++++ Available data

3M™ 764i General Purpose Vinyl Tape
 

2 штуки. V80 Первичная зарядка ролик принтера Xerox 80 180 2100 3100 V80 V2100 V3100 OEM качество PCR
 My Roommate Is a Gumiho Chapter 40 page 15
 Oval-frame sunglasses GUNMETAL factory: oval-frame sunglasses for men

++++++++

## Task brief:
Give back the material in full, word for word.

## Result for this task:
3M™ 764i General Purpose Vinyl Tape
 

2 штуки. V80 Первичная зарядка ролик принтера Xerox 80 180 2100 3100 V80 V2100 V3100 OEM качество PCR
 My Roommate Is a Gumiho Chapter 40 page 15
 Oval-frame sunglasses GUNMETAL factory: oval-frame sunglasses for men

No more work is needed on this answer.